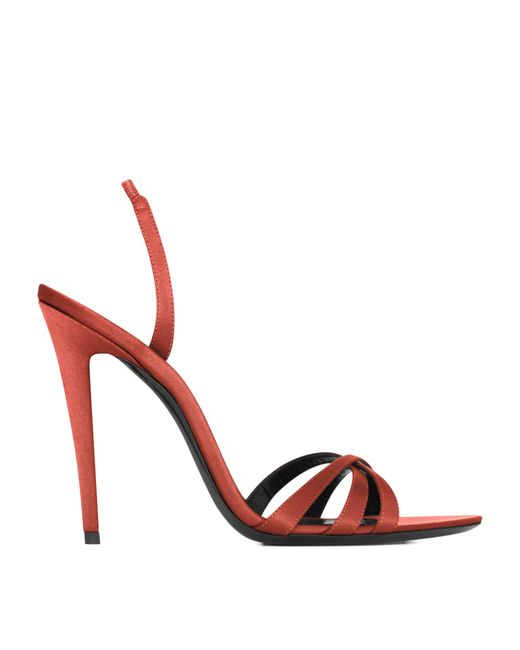 Saint Laurent Red Satin Kate Sandals 110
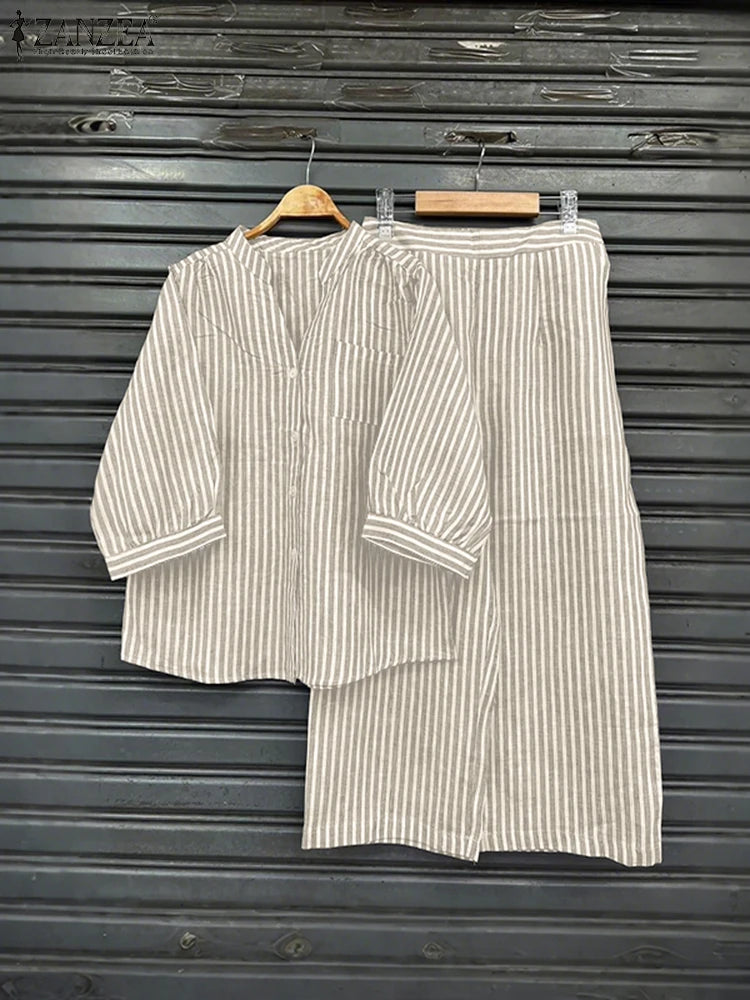 ZANZEA Vintage Women Matching Sets Elegant Striped Pant Sets 2025 Autumn V-Neck 3/4 Sleeve Shirts and Casual Long Pants 2PCS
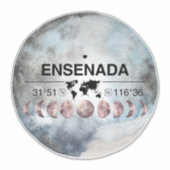 Ensenada，メキシコ，バハ・カリフォルニア，水彩画Desi シール (正面)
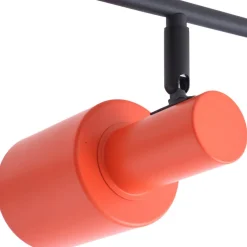 Arbejdsrum/Kontor|Loftlamper ^ Lindby loftspot Ovelia, orange/sort, 4 lyskilder, E27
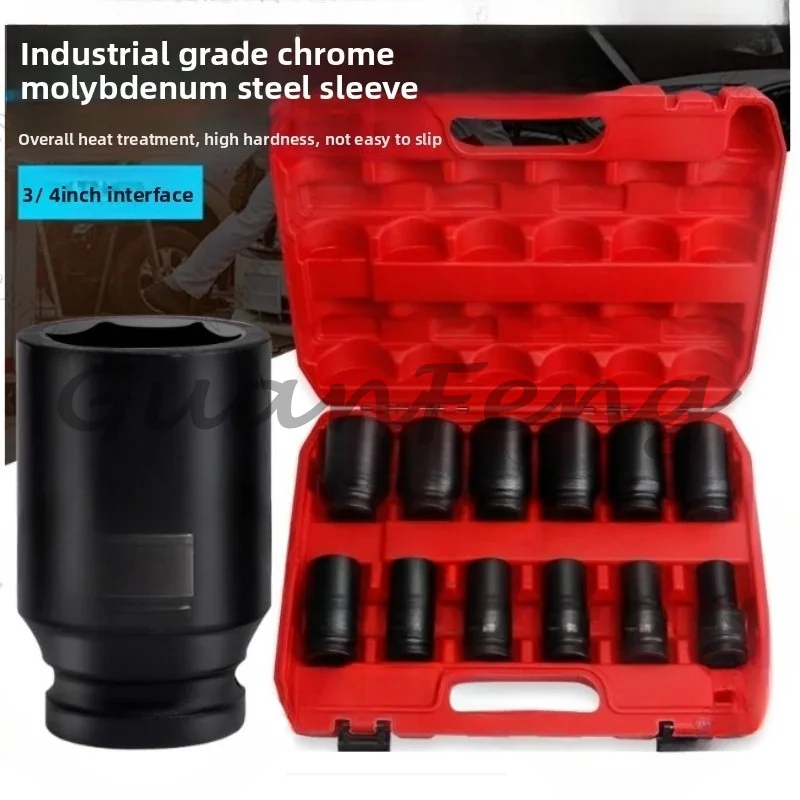 3/4 Inch Medium Wind Cannon Heavy Duty Sleeve Head Pneumatic Electric Wrench Pneumatic Hexagon Tire Sleeve Auto Repair Tool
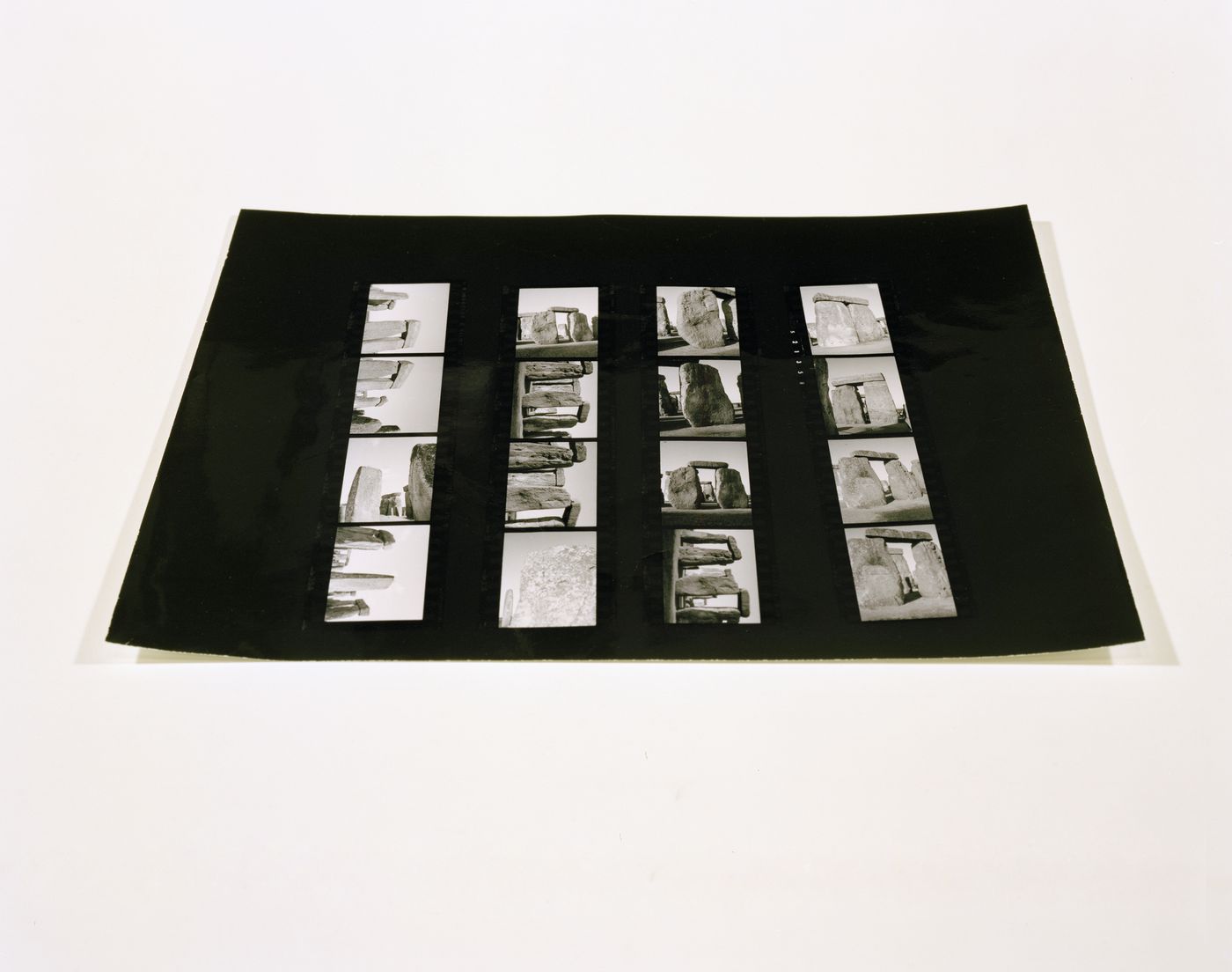 Questioning Pictures: Photograph of gelatin silver print contact sheet of Stonehenge by Gordon Matta-Clark, 1973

──────────────────────────────

## Work instruction:
Everything in the listing above is to be given again exactly, apart from the pictures.

## Response box:
 Saint Laurent Red Satin Kate Sandals 110
 ZANZEA Vintage Women Matching Sets Elegant Striped Pant Sets 2025 Autumn V-Neck 3/4 Sleeve Shirts and Casual Long Pants 2PCS
 Ensenada，メキシコ，バハ・カリフォルニア，水彩画Desi シール (正面)
 Arbejdsrum/Kontor|Loftlamper ^ Lindby loftspot Ovelia, orange/sort, 4 lyskilder, E27
 3/4 Inch Medium Wind Cannon Heavy Duty Sleeve Head Pneumatic Electric Wrench Pneumatic Hexagon Tire Sleeve Auto Repair Tool
 Questioning Pictures: Photograph of gelatin silver print contact sheet of Stonehenge by Gordon Matta-Clark, 1973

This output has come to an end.